Third-Degree Racism

I was listening to Glenn Loury and John McWhorter yesterday on whether Donald Trump is racist. During the podcast, Glenn threw out the notion that something Trump said was third-degree racism, but not the full blown variety.

That got me thinking about why it is the case that when conservative Presbyterians talk about race, racism is an all or nothing proposition. Think back to Leon Brown’s post (discussed here) about racism in NAPARC communions after the shooting of Michael Brown:

This is why we need a movement of the Holy Spirit. Amid the horrific realities of Mike Browns all over the United States, and even the incidents that occur which are not broadcast (e.g., unjust acts taken against poor whites), we must demonstrate that the church is different. We are unlike the world, which can segregate, almost immediately, based on the color of one’s skin and other factors. Have you noticed that is what has occurred in the death of Mike Brown? Why do you think the pictures and quotations from Dr. Martin Luther King, Jr. have newly surfaced on the internet, largely from ethnic minorities? Why do you believe pictures from the 1950’s and 1960’s have been newly awakened? For many, history continues to repeat itself, and that angers African-Americans and other minorities. Perhaps we, specifically Christians, are also angry at the lack of representation in the ‘Christian’ blogosphere from others in the majority culture. Robin Williams is okay, but apparently Mike Brown is not.

Without dodging or answering the question of whether blacks and whites should necessarily worship together (since historically black communions are such a part of the African-American experience), is it possible to distinguish what transpires among the Ferguson, Missouri police force from what happens on a Sunday morning in your average PCA congregation in the middle of Tennessee? Is one perhaps first-degree racism and the other third-degree?

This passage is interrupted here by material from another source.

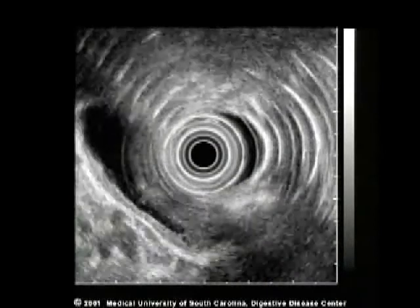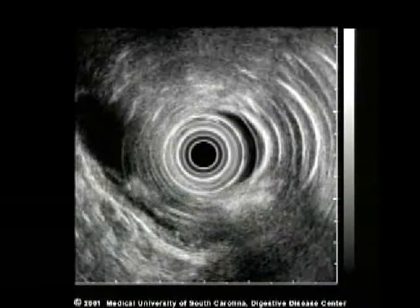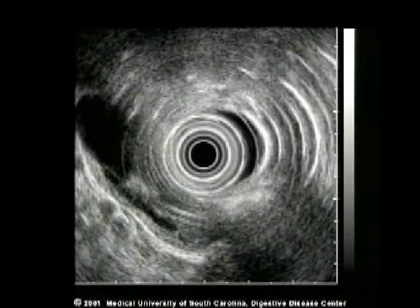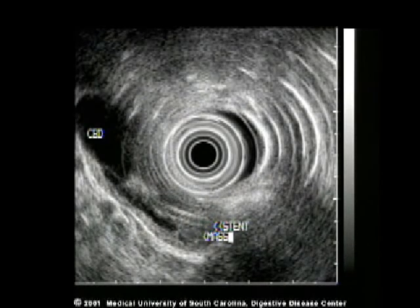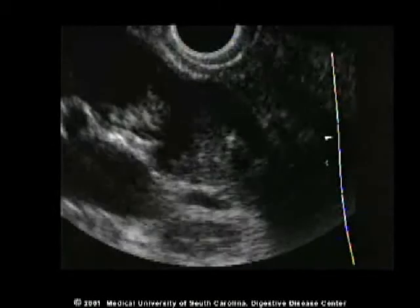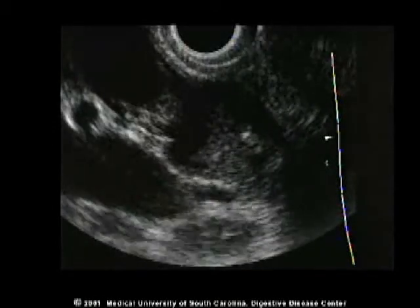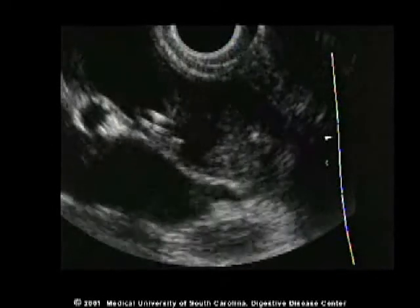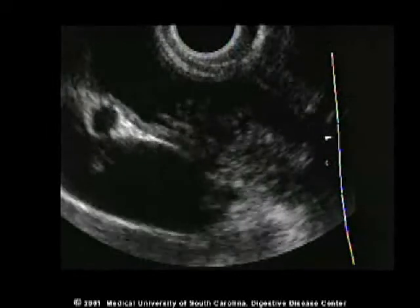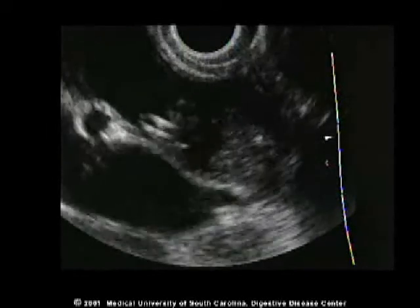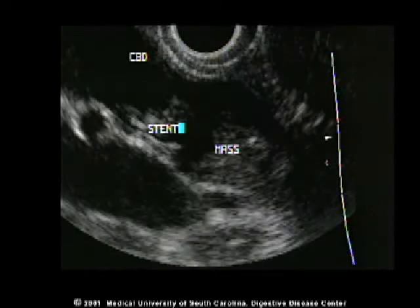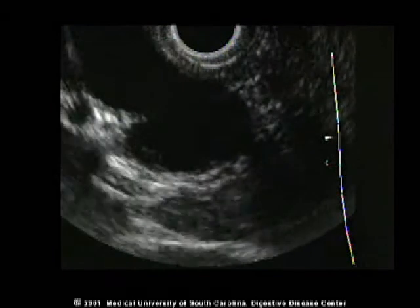Another common bile duct mass is shown here. The transducer has been placed in the duodenal bulb with the common bile duct imaged. A mass is seen in the common bile duct with a stent coursing through the center. Focusing on the lower half of the screen shows the mass appears to extend through the wall and very close, but not into the portal vein.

If we can make distinctions when it comes to the loss of human life, can’t we distinguish among the levels of prejudice that humans manifest?

So here’s the proposal:

Banning students from attending a Reformed seminary on the basis of race is first-degree racism.

A search committee at a white congregation placing an application from an African-American licentiate is second-degree racism.

Church members choosing on their own to worship in congregations where the majority of members are the same race is third-degree racism.

Do any of the overtures before the PCA reflect such differences? I’m merely asking.

19 thoughts on “Third-Degree Racism

  1. “Banning students from attending a Reformed seminary on the basis of race is first-degree racism.

    A search committee at a white congregation placing an application from an African-American licentiate is second-degree racism.

    Church members choosing on their own to worship in congregations where the majority of members are the same race is third-degree racism.”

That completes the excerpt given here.